Ewangelie przedstawiają życie Chrystusa jako zwycięską walkę z Szata­nem. Chrystus przyszedł na świat, aby przez śmierć pokonać tego, który dzierżył władzę nad śmiercią, to jest diabła" (Hbr 2, 14) i zniszczyć jego dzieło (por. 1 J 3, 8). Jednym z przejawów tej walki było wypędzanie złych duchów z opętanych, przy czym Jezus wyraźnie odróżniał uwalnianie czło­wieka od złego ducha od uzdrawiania z choroby. Swojej władzy nad złymi duchami udzielił najpierw Apostołom, potem uczniom, wreszcie wszystkim wierzącym, a wśród zadań zleconych Kościołowi wyliczył wypędzanie złych duchów (por. Mt 10, 1. 7-8; Mk 3, 14-15; 6, 7; Łk 9, 1; 10, 17-20). Aposto­łowie posłuszni poleceniom Pana wyrzucali je i głosili konieczność walki z Szatanem (por. 1 P 5, 8-9; Ef 6, 12). Odtąd Kościół wykonuje władzę wypędzania złych duchów i przezwyciężania ich wpływu za pomocą egzorcyzmów. 


   W pierwszych trzech wiekach wszyscy chrześcijanie mogli sprawować eg­zorcyzmy, jak to potwierdzają Św. Justyn, Tertulian, św. Ireneusz i św. Cyp­rian, a służyły nimi przede wszystkim osoby obdarzone charyzmatem. Począt­kowo stosowano je wobec opętanych, w III wieku także wobec katechume­nów pochodzących z rodzin pogańskich i dzieci przed chrztem.    
     Do połowy III stulecia nie było w Kościele specjalnego urzędu egzorcysty.
    W wiekach III-VI nastąpiła dalsza ewolucja stosowania egzorcyzmów, do czego przyczynił się rozwój życia pustelniczego i początki monastycyzmu. W diecezjach i ówczesnych parafiach posługa egzorcysty była praktykowana powszechnie. Nie brakowało wówczas także fałszywych egzorcystów, dlatego Kościół Zachodni dla obrony wiernych zaczął regulować sprawę przepisami prawa. W połowie III stulecia ustanowiono specjalne święcenia egzorcysta-tu, co obowiązywało od starożytności aż do ich zniesienia przez papieża Pawła VI w r. 1972. W 416 r. papież Innocenty I ustalił, że egzorcyzm liturgiczny może być sprawowany za zgodą biskupa.
   Stulecia VI-XII są okresem wielkiego rozkwitu praktykowania egzorcyz-mów. Powstała tradycja wprowadzania w tę posługę początkujących egzorcys­tów przez starszych i doświadczonych. Pojawiły się liczne nowe formuły egzorcyzmujące.
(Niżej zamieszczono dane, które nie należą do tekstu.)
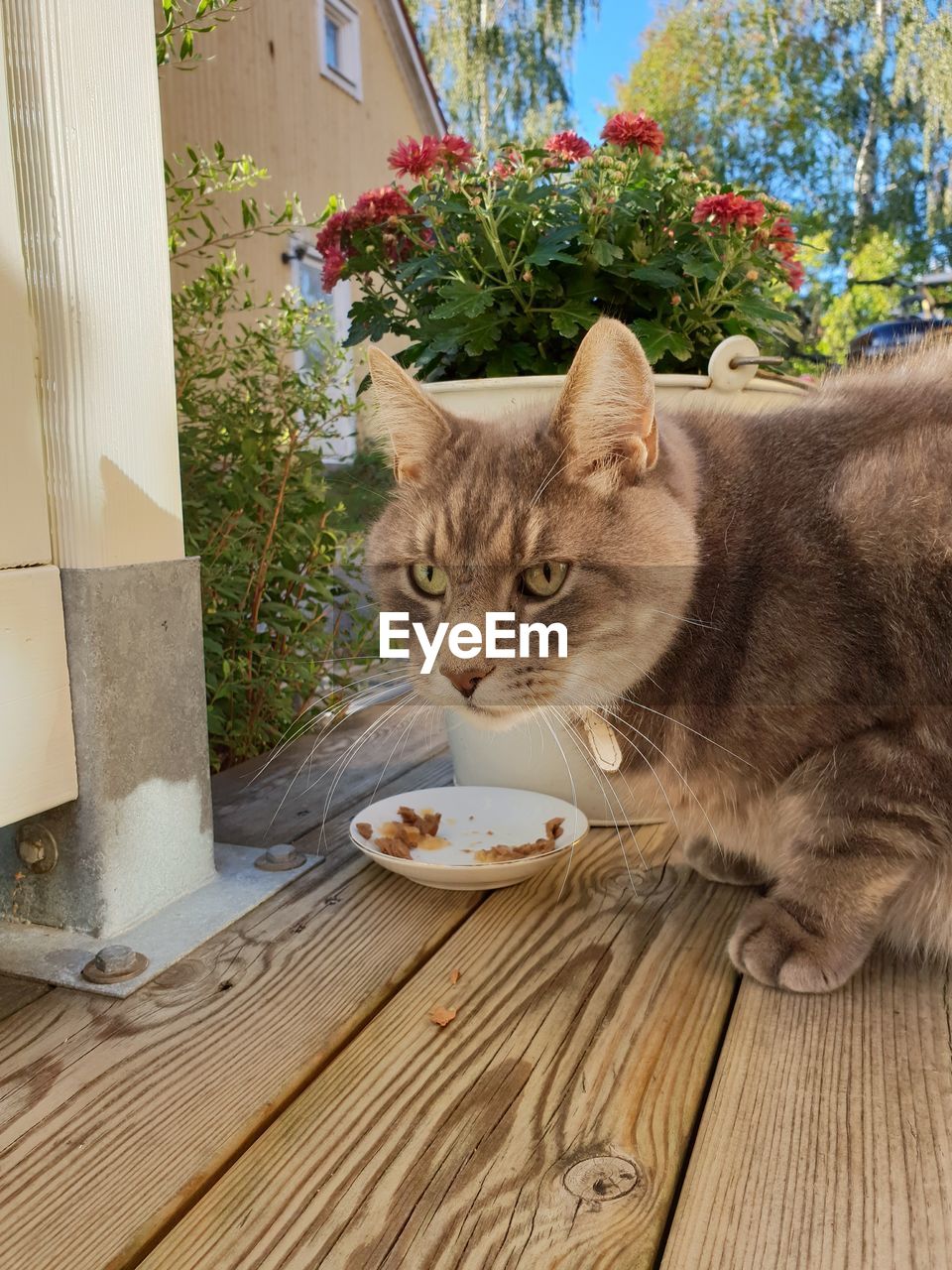 CAT RESTING ON TABLE WITH FLOWER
Zapis z XI w. stwierdza, że uroczysty egzorcyzm może sprawować tylko biskup lub starszy kapłan w asyście diakonów i prezbiterów, ale prywatnie mógł egzorcyzmować każdy ochrzczony. Dokumenty tego okre­su świadczą o powszechności egzorcyzmowania przedmiotów mających służyć człowiekowi, w przekonaniu, że dzięki temu, a zwłaszcza znakom krzyża nad nimi, złe duchy nie będą mogły mu szkodzić. Poza przypadkami opętania egzorcyzmy stosowano najczęściej przy chrzcie, poświęcaniu wody, soli, oleju, a także dla ochrony osób i rzeczy przed wpływem Złego.
   Stulecia XII-XVII obfitują w nadużycia w stosowaniu egzorcyzmów wsku­tek swego rodzaju demonomanii, co przejawiło się przede wszystkim w prześ­ladowaniach innowierców i czarownic oraz przyjęciu niszczycielskich sposo­bów walki ze złem. Z tego też powodu w r. 1614 został opublikowany w Ry­tuale Rzymskim rozdział z modlitwami egzorcyzmującymi i wskazaniami co do ich stosowania. 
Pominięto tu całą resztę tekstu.